Biliary tract cancer (BTC), encompassing intrahepatic cholangiocarcinoma (ICC), extrahepatic cholangiocarcinoma (ECC), gallbladder cancer (GBC), and ampullary carcinoma (AC), represents the second most common hepatobiliary malignancy, accounting for approximately 3% of all gastrointestinal cancers (1,2). Despite its relative rarity, BTC is characterized by aggressive behavior and poor prognosis, often diagnosed at advanced stages that limit therapeutic efficacy (3). Although surgical resection remains the only potentially curative treatment and recent advances in chemotherapy have improved outcomes, high rates of recurrence and metastasis continue to challenge long-term survival, underscoring the urgent need for improved prognostic tools (2,4,5).

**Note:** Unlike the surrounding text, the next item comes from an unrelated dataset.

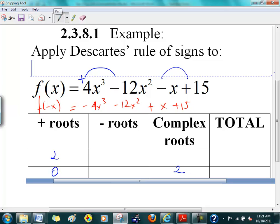Now let's take a look at the number of negative roots. Is there a sign change between minus 4 and minus 12? From minus 12 to plus 1, there's one sign change, so there's got to be one negative root for sure. Remember, your total is always going to be 3 because it's a third order polynomial. So it's either 2, 1, and 0, or it's going to be 1, 2, and 3.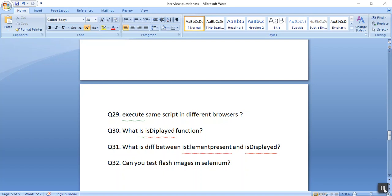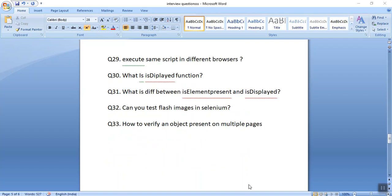Another question asked is: can we test Flash images in Selenium? Yes, we can test Flash images, but we should have the code of that Flash image.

The Tumor-Node-Metastasis (TNM) staging system serves as the cornerstone for evaluating disease extent and guiding treatment decisions in BTC (6). However, its reliance solely on anatomical features fails to capture critical biological and host-related factors that significantly influence clinical outcomes. Patients with identical TNM stages frequently exhibit divergent survival trajectories, suggesting that tumor biology and systemic responses play pivotal roles in BTC progression (7). This limitation highlights the inadequacy of TNM staging as a standalone prognostic tool, particularly in this heterogeneous and aggressive malignancy.

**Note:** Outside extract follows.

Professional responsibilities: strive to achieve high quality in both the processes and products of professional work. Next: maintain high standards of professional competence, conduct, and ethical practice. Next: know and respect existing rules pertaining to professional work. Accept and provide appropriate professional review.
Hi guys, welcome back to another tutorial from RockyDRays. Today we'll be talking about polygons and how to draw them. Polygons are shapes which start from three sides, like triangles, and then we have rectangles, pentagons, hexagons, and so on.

Mounting evidence indicates that the tumor microenvironment's inflammatory response plays a crucial role in the development, progression, and metastasis of solid tumors, including BTC (8). Multiple pretreatment inflammation-based indices, such as the neutrophil-to-lymphocyte ratio (NLR), prognostic nutritional index (PNI), and C-reactive protein-to-albumin ratio (CAR), have been proposed as prognostic markers in BTC (9-11). However, their individual prognostic value remains inconsistent across studies, and consensus on the most informative marker for risk stratification is lacking (12). This knowledge gap underscores the need for evaluation of multiple inflammatory indices in the same cohort to objectively identify the optimal prognostic marker in BTC.

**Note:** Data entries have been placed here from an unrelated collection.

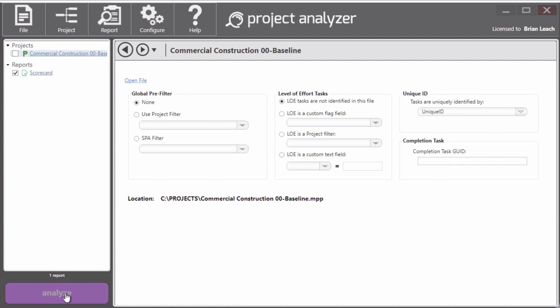The Analyze button, though, still can't be clicked on. It's a little bit grayed out. And the reason is we have to select both a project and a report. And once we do that, it turns brighter and it's ready to go.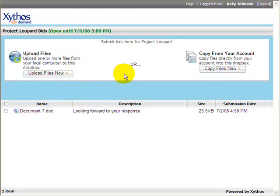Once a file is submitted to a Dropbox, it cannot be deleted or changed by the submitter. Submitting documents to the Dropbox is easy.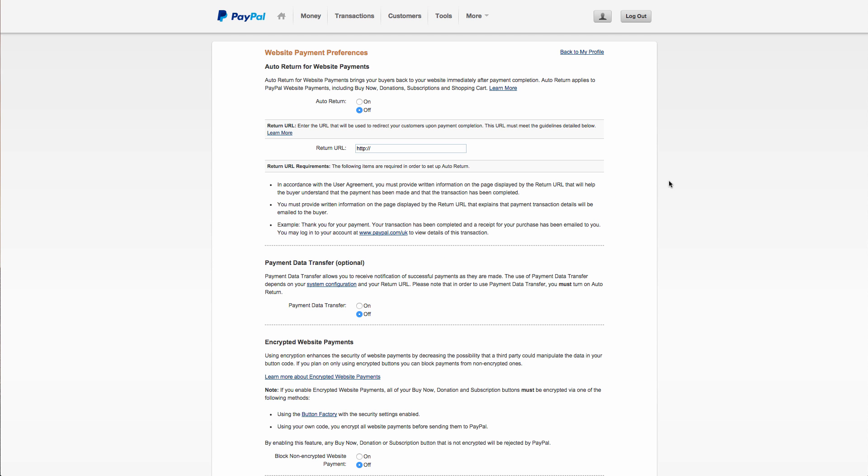Now if you don't see the Auto Return feature, then you'll need to upgrade your account to a Premier or Business Account. This is free and simple. Just go to PayPal.com forward slash upgrade.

To address these challenges, this study aimed to comprehensively evaluate eight preoperative inflammatory indices and develop a prognostic nomogram incorporating the most informative marker alongside clinicopathological factors in patients with BTC undergoing resection. By deliberately excluding TNM components, we sought to capture biological and host-related prognostic factors orthogonal to anatomical staging, thereby providing a complementary tool to enhance postoperative risk stratification for overall survival (OS) and improve clinical decision-making in this aggressive malignancy.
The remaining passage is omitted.